■ **Records for this task**
>>

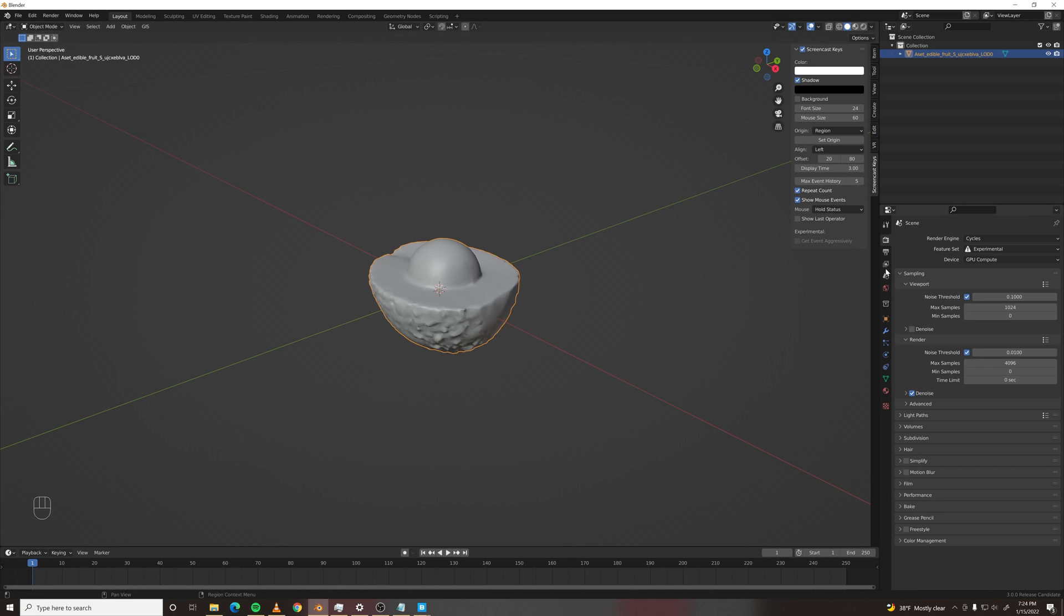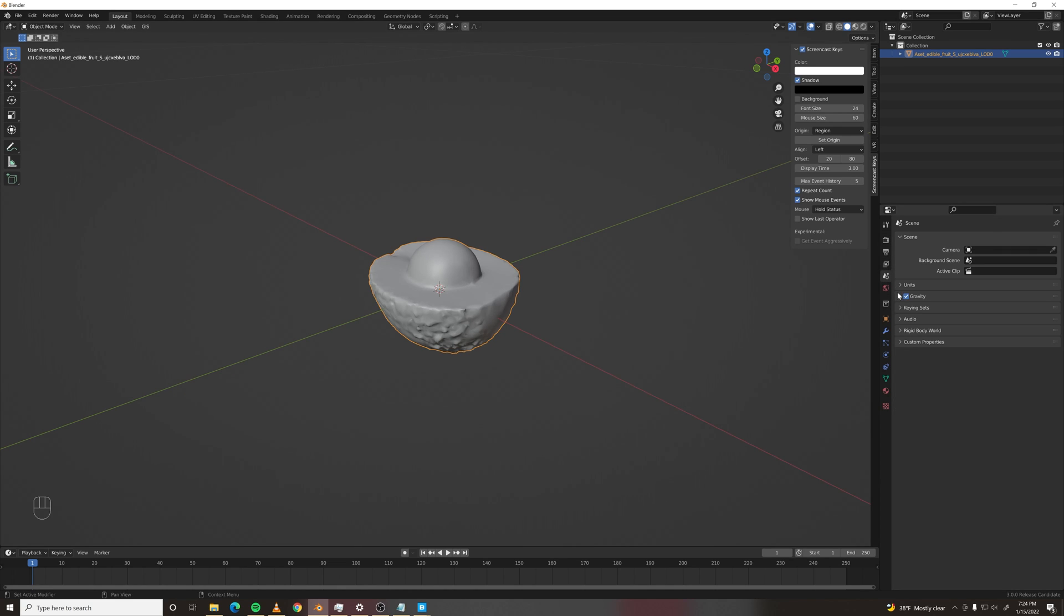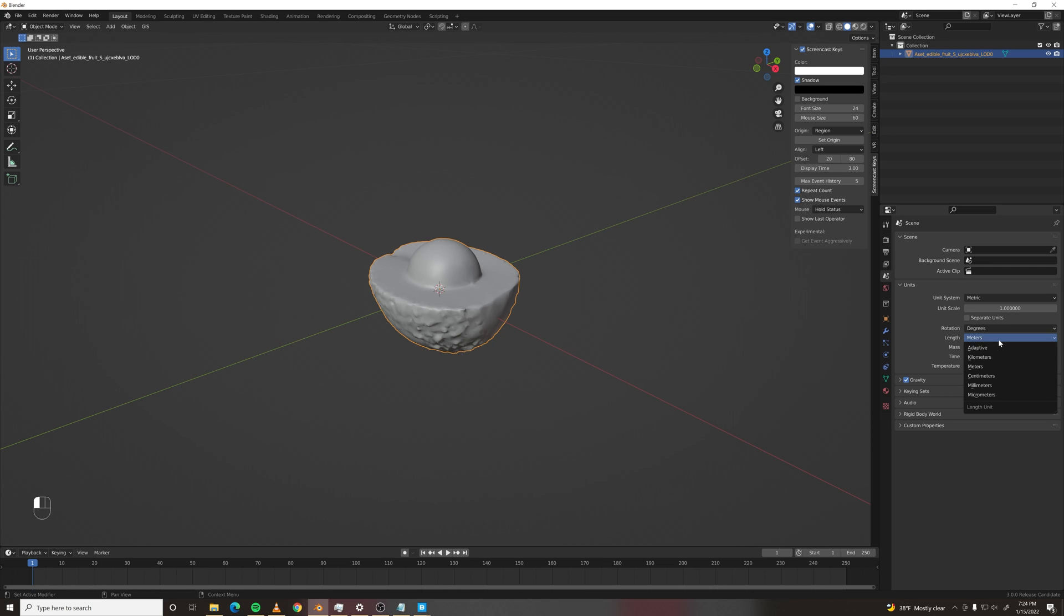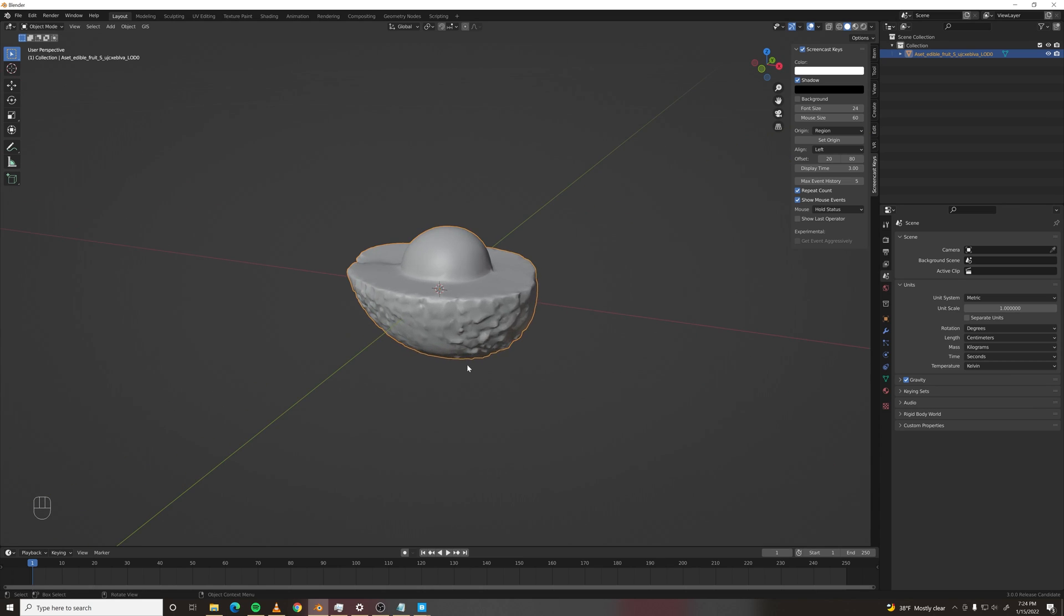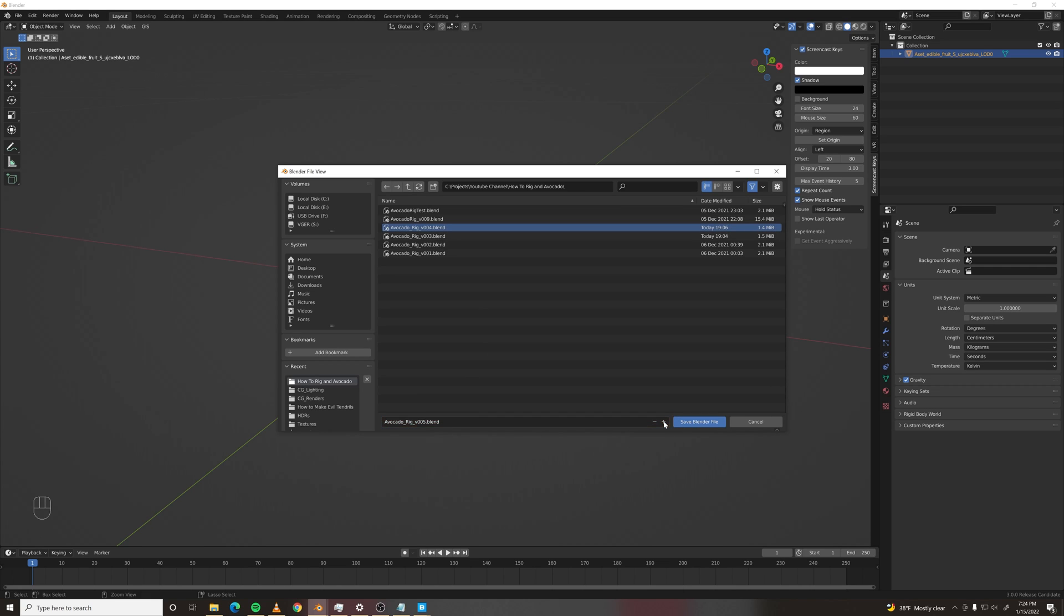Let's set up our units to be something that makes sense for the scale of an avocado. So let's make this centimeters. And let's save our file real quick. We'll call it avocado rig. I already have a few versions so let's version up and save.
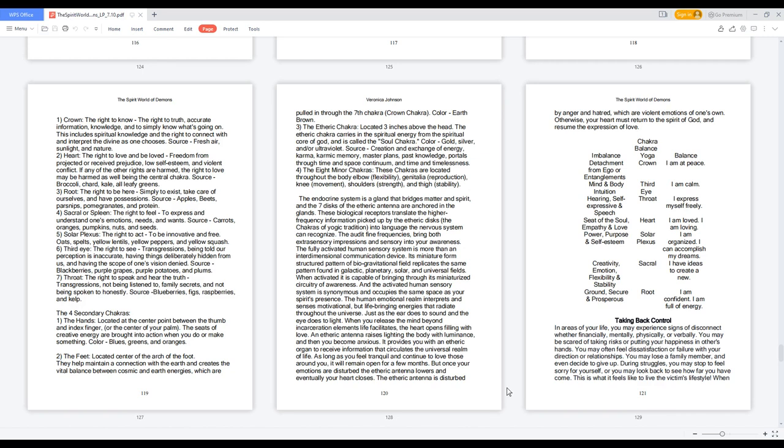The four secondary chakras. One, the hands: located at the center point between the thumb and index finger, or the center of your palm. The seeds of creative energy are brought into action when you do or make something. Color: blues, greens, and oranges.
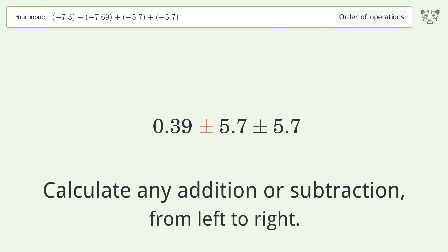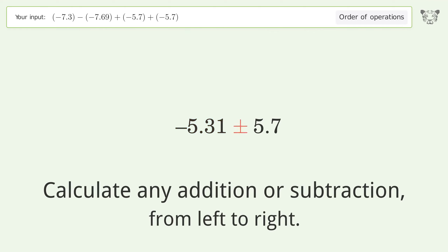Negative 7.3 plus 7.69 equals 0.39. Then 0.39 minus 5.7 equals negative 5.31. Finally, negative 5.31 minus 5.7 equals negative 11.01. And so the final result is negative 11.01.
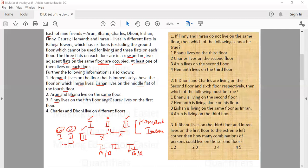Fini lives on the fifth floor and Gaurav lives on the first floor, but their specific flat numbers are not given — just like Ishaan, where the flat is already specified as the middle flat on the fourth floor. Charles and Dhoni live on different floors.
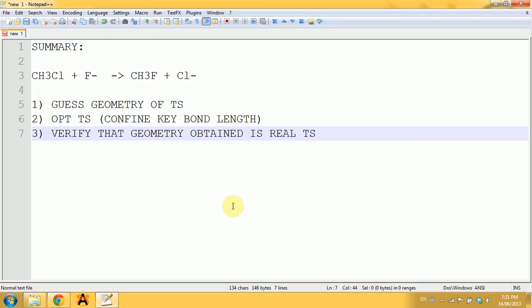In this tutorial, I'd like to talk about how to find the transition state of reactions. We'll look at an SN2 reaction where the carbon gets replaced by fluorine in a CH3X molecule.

<<

■ **Assigned task**
Output precisely the lines in the material above from the line containing "Fini lives on" through its last line, and omit pictures.

■ **Answer section**
Fini lives on the fifth floor and Gaurav lives on the first floor, but their specific flat numbers are not given — just like Ishaan, where the flat is already specified as the middle flat on the fourth floor. Charles and Dhoni live on different floors.
In this tutorial, I'd like to talk about how to find the transition state of reactions. We'll look at an SN2 reaction where the carbon gets replaced by fluorine in a CH3X molecule.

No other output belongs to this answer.